ENTRIES SUPPLIED:
***

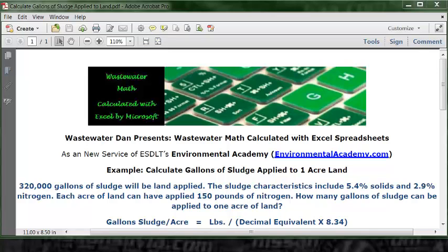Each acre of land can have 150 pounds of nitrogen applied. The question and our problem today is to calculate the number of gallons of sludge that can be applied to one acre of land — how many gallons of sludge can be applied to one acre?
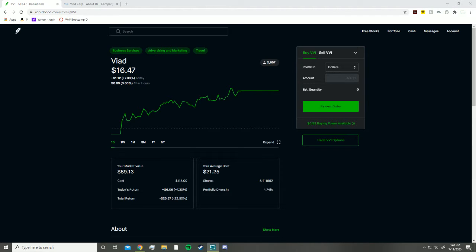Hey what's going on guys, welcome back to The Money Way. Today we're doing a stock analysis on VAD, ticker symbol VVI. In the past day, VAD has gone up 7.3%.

***

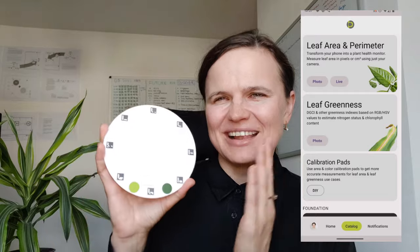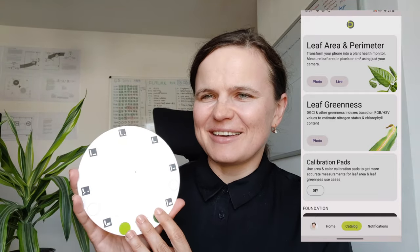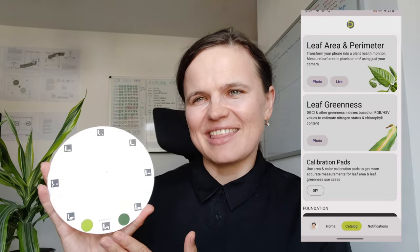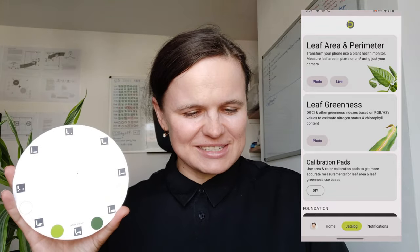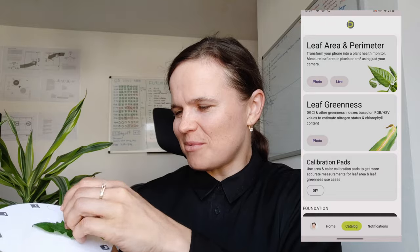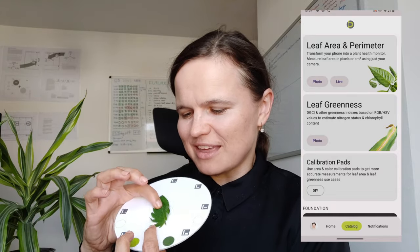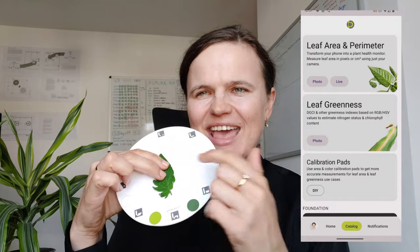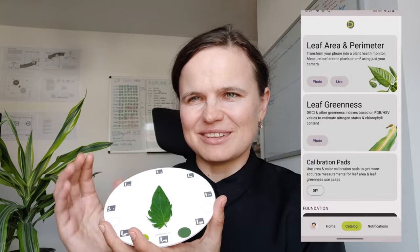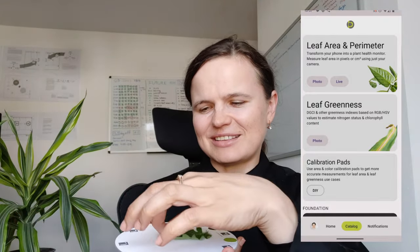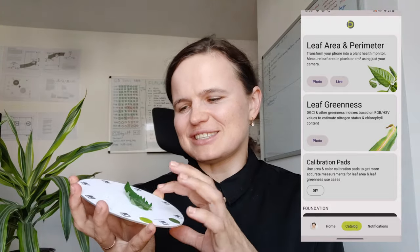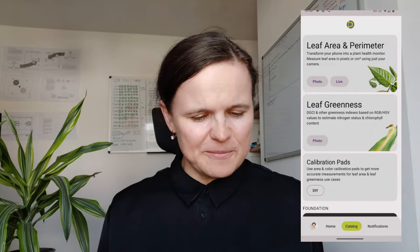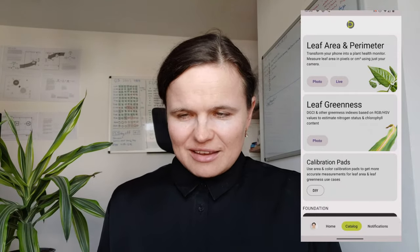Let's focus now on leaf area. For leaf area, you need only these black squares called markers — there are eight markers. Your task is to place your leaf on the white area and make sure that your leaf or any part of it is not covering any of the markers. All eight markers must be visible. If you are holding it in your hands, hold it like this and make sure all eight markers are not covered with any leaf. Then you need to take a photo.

***

PROBLEM:
In the listing above, find the line containing "Each acre of". Output it and every line after it up to and including the line containing "Hey what's going", exactly, but skip the pictures.

TASK OUTPUT:
Each acre of land can have 150 pounds of nitrogen applied. The question and our problem today is to calculate the number of gallons of sludge that can be applied to one acre of land — how many gallons of sludge can be applied to one acre?
Hey what's going on guys, welcome back to The Money Way. Today we're doing a stock analysis on VAD, ticker symbol VVI. In the past day, VAD has gone up 7.3%.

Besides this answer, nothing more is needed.